WHAT YOU SHOULD DO:
In the records below, find the line containing "Prada Re-Ylon Tessuto" and the line containing "Bezel diamond stud". Give again exactly those lines and every line between them, omitting the pictures.

DATA RECORDS:
##############################

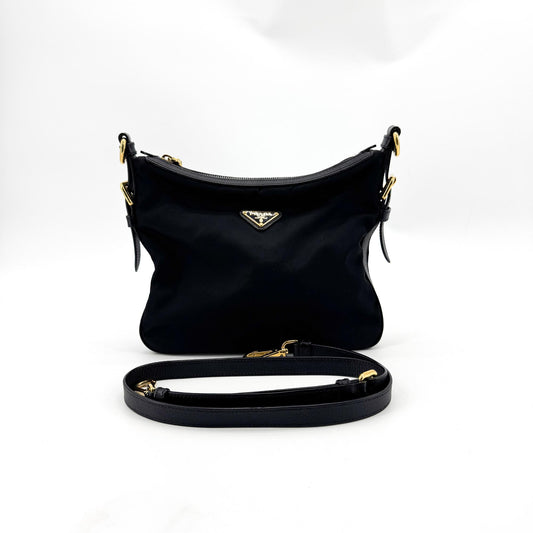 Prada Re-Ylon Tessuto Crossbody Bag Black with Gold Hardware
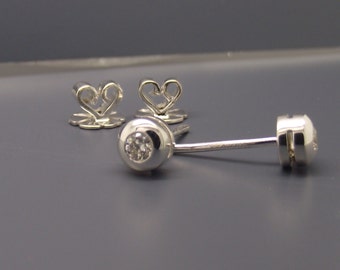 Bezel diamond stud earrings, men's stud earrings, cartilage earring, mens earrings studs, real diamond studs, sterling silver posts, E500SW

##############################

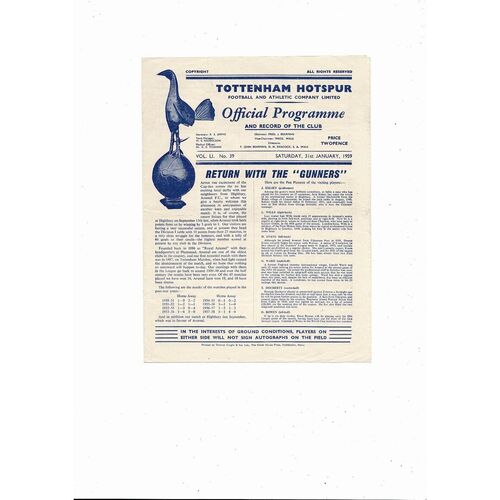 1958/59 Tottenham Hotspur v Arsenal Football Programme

##############################

SOLVED PROBLEM:
 Prada Re-Ylon Tessuto Crossbody Bag Black with Gold Hardware
 Bezel diamond stud earrings, men's stud earrings, cartilage earring, mens earrings studs, real diamond studs, sterling silver posts, E500SW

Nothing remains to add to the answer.